United States District Court, E.D. Pennsylvania
Jun 30, 2003
CIVIL ACTION NO. 02-6805 (E.D. Pa. Jun. 30, 2003)

Opinion

CIVIL ACTION NO. 02-6805.

June 30, 2003


ORDER


AND NOW, this day of June, 2003, upon consideration of the Motion to Suppress Evidence ("Motion to Suppress") filed by Miguel Martinez ("Claimant") on February 14, 2003 (Docket Entry No. 10), the Response in Opposition to Claimant's Motion to Suppress Evidence ("Response") filed by the United States of America on February 28, 2003 (Docket Entry No. 11), the testimony presented at the hearing on the Motion to Suppress on March 10, 2003, the proposed findings of fact and conclusions of law submitted by both parties (Docket Entry Nos. 14 and 15), and the supplemental briefs filed by both parties (Docket Entry Nos. 18-20), it is hereby ORDERED that the Motion to Suppress is GRANTED for the reasons set forth below.

This is a civil forfeiture action brought by the United States of America ("Government") against $46,000.00 in United States Currency ("Defendant Currency") pursuant to 21 U.S.C. § 881(a)(6), which provides in pertinent part:

(a) Subject property

The following shall be subject to forfeiture to the United States and no property right shall exist in them:

. . . .

(6) All moneys, negotiable instruments, securities, or other things of value furnished or intended to be furnished by any person in exchange for a controlled substance or listed chemical in violation of this subchapter, all proceeds traceable to such an exchange, and all moneys, negotiable instruments, and securities used or intended to be used to facilitate any violation of this subchapter.
21 U.S.C. § 881(a)(6). The Defendant Currency was seized by federal agents on March 9, 2002 in Philadelphia, Pennsylvania from a vehicle driven by Claimant. Claimant filed a Claim of Ownership, alleging that he is the owner of the Defendant Currency. Prior to the commencement of a trial to determine whether forfeiture is proper, Claimant filed the instant Motion to Suppress, seeking suppression of the evidence seized from Claimant on March 9, 2002 (including the Defendant Currency itself).

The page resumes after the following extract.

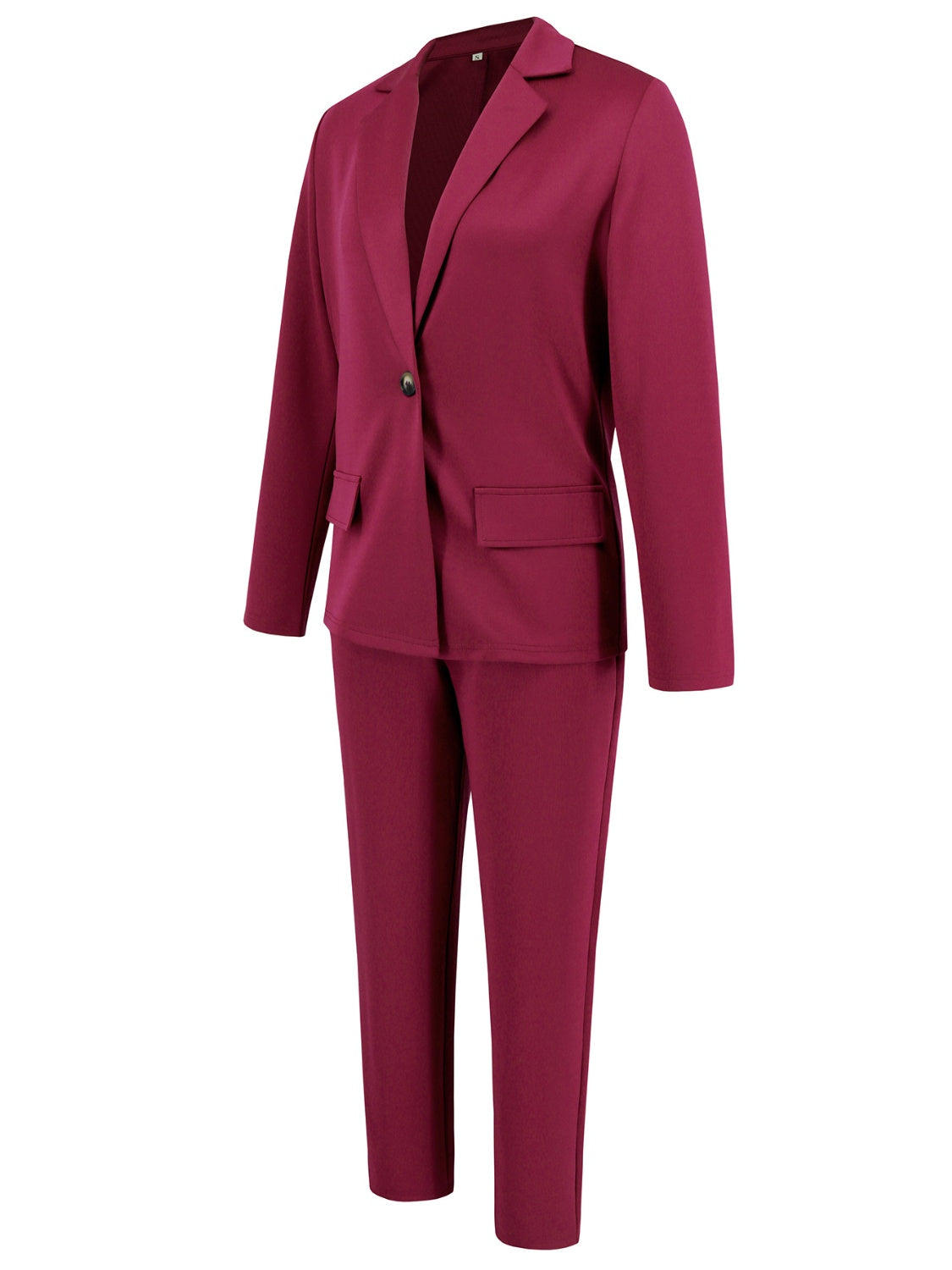 Pants Suit with Contrast Top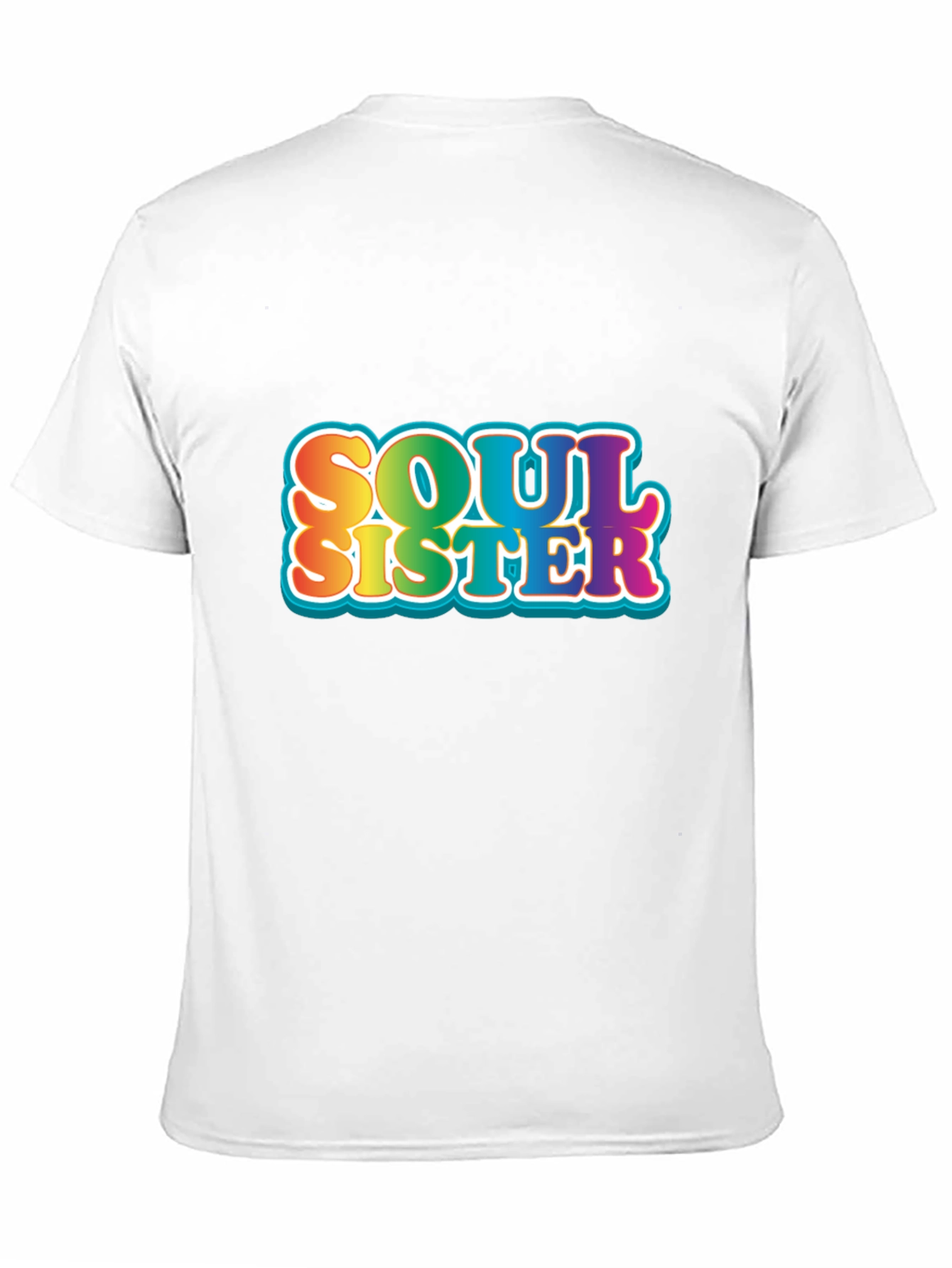 Soul Sister Graphic Tee - Rainbow Retro Design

Claimant argues that there were four discrete acts that occurred on March 9, 2002, each of which constitutes either a search or a seizure requiring scrutiny under the Fourth Amendment: (1) the initial traffic stop of Claimant by the federal agents; (2) the detention of Claimant while awaiting the arrival of a canine unit to conduct a "dog sniff" of Claimant's vehicle; (3) the removal of Claimant to a locked holding cell at the Airport Office of the Philadelphia Police Department, and the detention of Claimant in the holding cell for approximately one hour; and (4) the search of Claimant's vehicle. Having reviewed the evidence submitted by the parties, and upon consideration of the testimony presented at the hearing conducted on March 10, 2003, the Court concludes that the removal and detention of Claimant constituted a seizure of Claimant for which the Government has failed to establish probable cause. Because the Defendant Currency was discovered pursuant to a consensual search of Claimant's vehicle, and because Claimant consented to a search of his vehicle only after being impermissibly removed to, and detained in, the Airport holding cell, the Court will grant the Motion to Suppress, and will exclude the evidence obtained as a result of the consensual search of Claimant's vehicle (including the Defendant Currency).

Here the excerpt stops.